# Central New York Wood Suppliers



## Jamesis (Dec 10, 2018)

Hi All.

I live in the Finger Lakes region of New York and thought I'd post a couple of my sources for local wood. I know there's a few other New Yorkers here that may find this info useful.

There's *Danby Hardwoods* at 299 Hornbrook rd. Ithaca NY 14850 607-272-8561
https://www.facebook.com/Danby-Hardwoods-165929430100069/
http://bowledoverwood.com/index.html
Run by a father/son team they have a small selection of Live Edge boards and some Turning Blocks at reasonable prices. They specialize in hardwood board lumber: oak, maple, cherry, walnut, poplar, ash, exotics, and more, more. Different thicknesses. Full millwork and woodworking services avalable.
Very friendly and helpful folks. Call ahead to make sure someone will be there.

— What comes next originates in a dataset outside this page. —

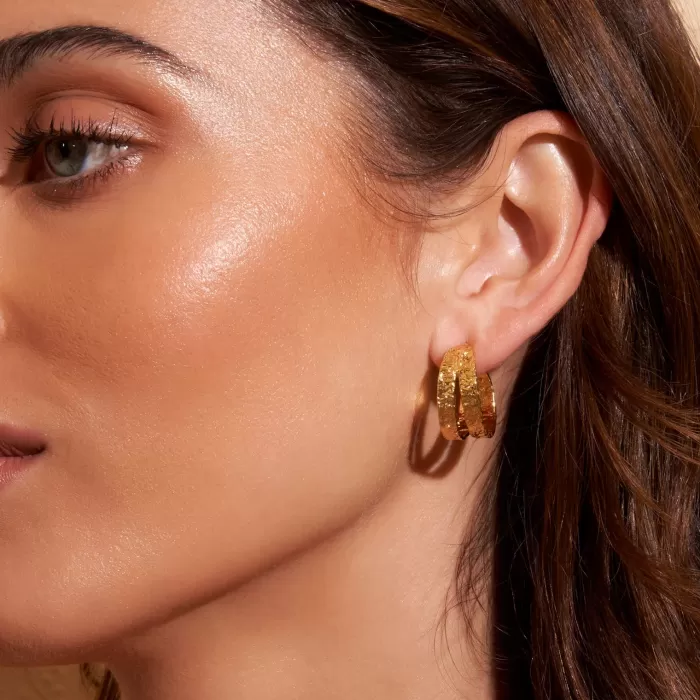 Hot Arms of Eve Elodi Gold Hoop Earrings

And _*White Creek Craft Lumber *_at 3189 South Street, Clinton, NY 13323 315-534-5506
https://whitecreekcraftlumber.com/
https://www.ebay.com/str/whitecreekcraftlumber
Curly Logger Francis has been saving unique and unusual pieces of wood for over 40 years which he has stored in 3 warehouses. 12 years ago with the help of his kids started selling online. He specializes in Live Edge Slabs, Turning Blocks, and Burl. You just can't imagine everything he's collected in 40 years of logging. Don't let his initially high prices on Ebay fool you. If something isn't selling He'll discount it by 20-40%! It's well worth the trip in person to see all that he has. I went there with a list of $160.00 in wood and walked out paying only $90.00, and he even threw in a few freebies! He's a really swell guy and you'd enjoy meeting him and maybe having a cup of coffee. Call ahead if you plan to visit.

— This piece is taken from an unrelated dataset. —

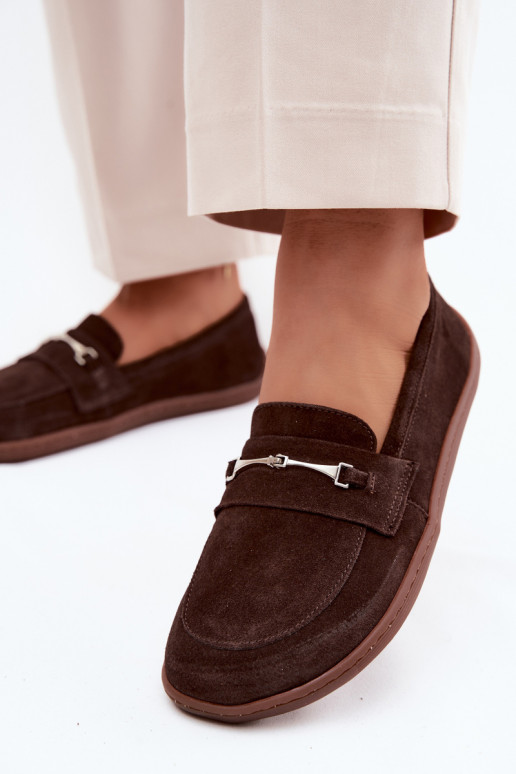 Mokassiinid Barefoot seemisnahast Zazoo 322 Czekoladosissee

If you know of other sources in NY please feel free to add them here.

James

Reactions: Like 1 | Great Post 1


----------



## Jamesis (Dec 11, 2018)

Got these from Curly Logger Francis today. Cost $70.00



 
James

Reactions: EyeCandy! 1


----------



## Tony (Dec 11, 2018)

The highly valuable black walnut cracks me up!

Reactions: Agree 1


----------